Miniaturized Radiometer for an Ice Giants mission for haze and cloud characterization

Uranus and Neptune, the Ice Giants, are the unique planets in the Solar System that have not received a dedicated mission. However, studying these planets is crucial for understanding the formation and evolution of our planetary system and the outer systems, for which the ice planet systems are very common.

Our current knowledge comes from Earth and space telescope limited observations and from the brief encounter with the Voyager 2 spacecraft almost three decades ago. The recent decadal survey [1] has established a flag mission to Uranus as the following strategic priority for the Nasa exploration program (apart from the ongoing missions to Mars and Europa). From ESA’s perspective, the outcomes from the Voyage 2050 [2] are also in alignment, recommending the agency’s participation in a future mission in a collaboration framework, as established in previous successful partnerships like Cassini-Huygens.

Several reference missions have been proposed during the last decade [3-4], most of them suggesting an orbiter plus a descent probe configuration. For the orbiter, the scientific priorities should be to study the planet's bulk composition and internal structure, magnetic field, atmosphere circulation, rings, and satellite system. In the case of the descent probe, its primary mission should be to obtain the atmospheric noble gas abundances, noble gas isotope ratios, and the thermal structure of the atmosphere using a mass spectrometer and a meteorological package.
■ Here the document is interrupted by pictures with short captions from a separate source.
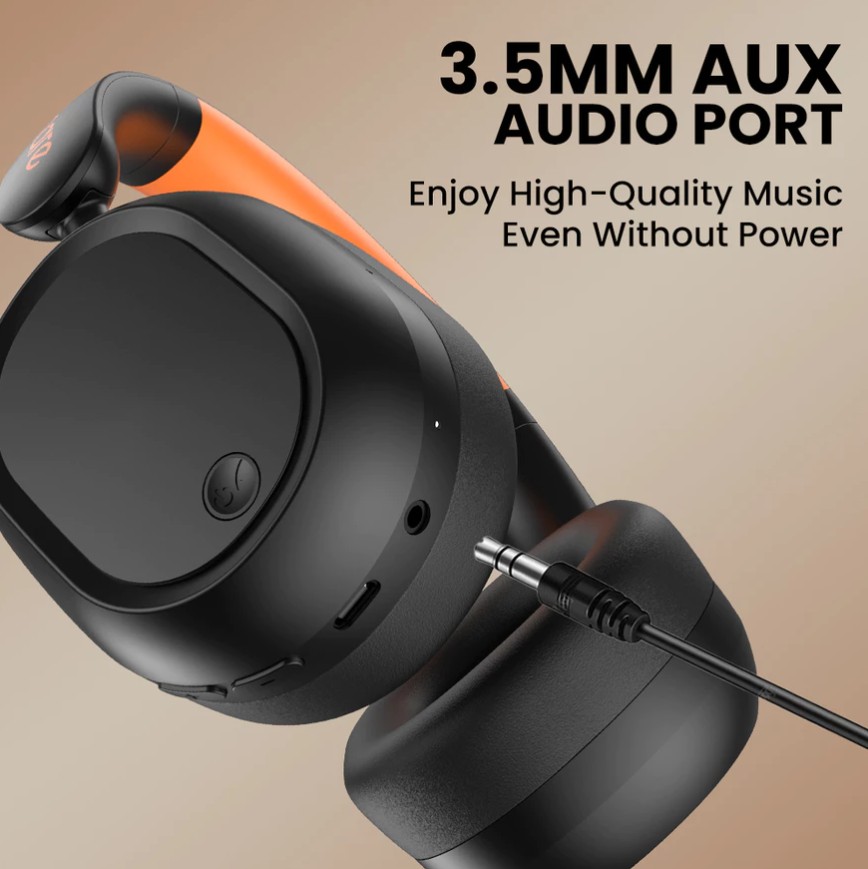 Orashare HS05 Wireless Headphones Bluetooth 5.4 Low Latency Gaming 17H Playtime Foldable & Bass - Image 6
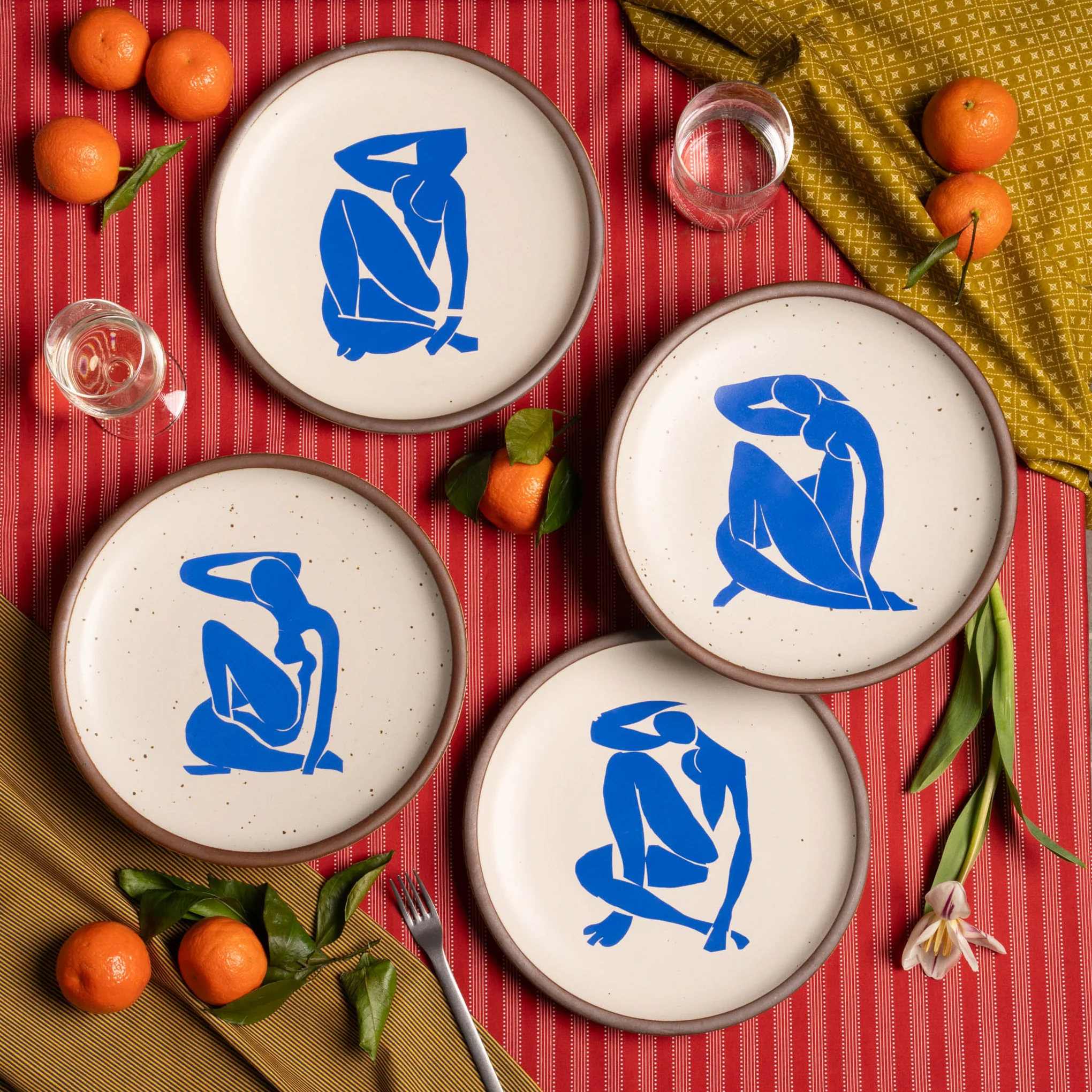 Henri Matisse Nu bleu, I–IV Stoneware Dinner Plates - Set of 4 - Image 2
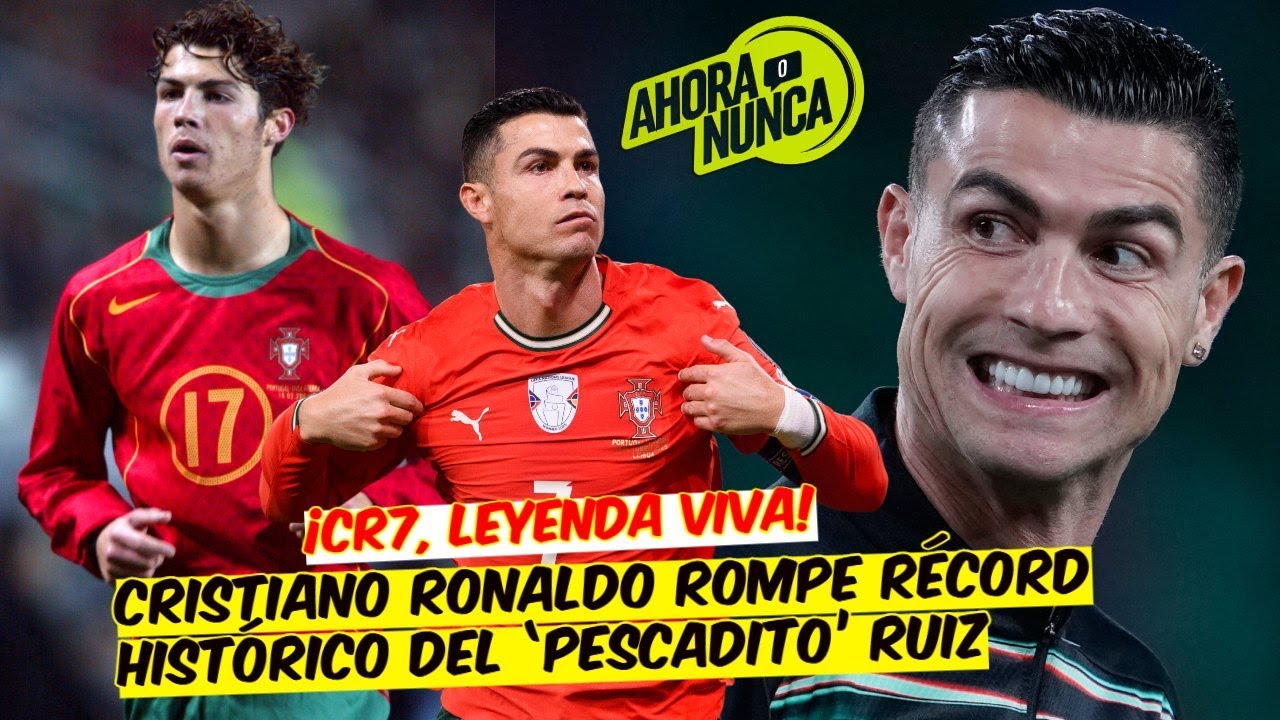 HISTÓRICO. CRISTIANO RONALDO es el MÁXIMO GOLEADOR de eliminatorias mundialistas | Ahora o Nunca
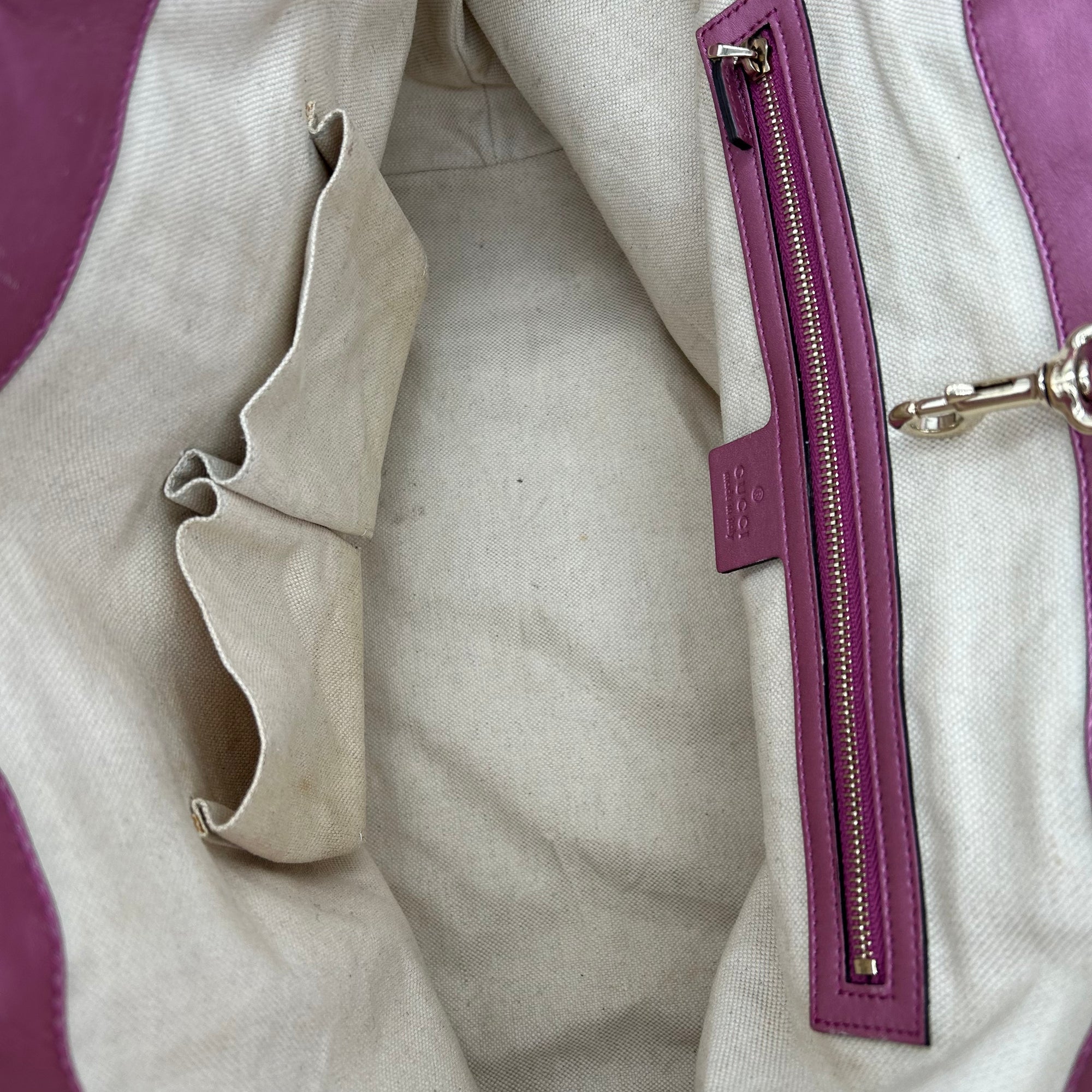 Gucci Heart Bit Charm Tote Bag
Understanding the thermal structure and dynamics of Uranus’ atmosphere requires studying the vertically distributed aerosols (hazes and clouds) and their microphysical and scattering properties. Indeed, aerosols affect the absorption and reflection of solar radiation, directly affecting the energy balance that drives the planet. In this work we present a lightweight radiometer, as a part of the descending probe, dedicated to studying Uranus’s aerosols. The principle of measurement is based on the vertical variation of the solar radiance at different wavelengths and geometries of observations as the probe falls using photodetectors, field-of-view masks, and interferential filters. From these observations, information on the vertical structure of clouds and hazes, particle size, or scattering properties could be derived.

The radiometer takes its heritage from previous missions for Mars exploration [7-9] where its technology has demonstrated its endurance for extreme environments of operation, using limited resources in terms of power consumption, mass and volume footprints, and data budget. These characteristics make this instrument a valuable complementary probe’s payload for studying Uranus’ atmosphere with a high scientific return.

 

[1] Origins, Worlds, and Life: A Decadal Strategy for Planetary Science and Astrobiology 2023-2032.  [2] Linda J. Tacconi, Christopher S. Arridge, et al, Voyage2050 Final recommendations from the Voyage 2050 Senior Committee. [3] Christopher S. Arridge, et al.. 2012. [4] Sushil K.AtreyaaMark, et al.,2019 [5] Ian J. Cohen et al 2022 P [6] Athul Pradeepkumar Girija.  2023 [7] I. Arruego et al. 2017. [8] Apestigue, V. et al 2022 [9] Pérez-Izquierdo, J., Sebastián et al, 2016.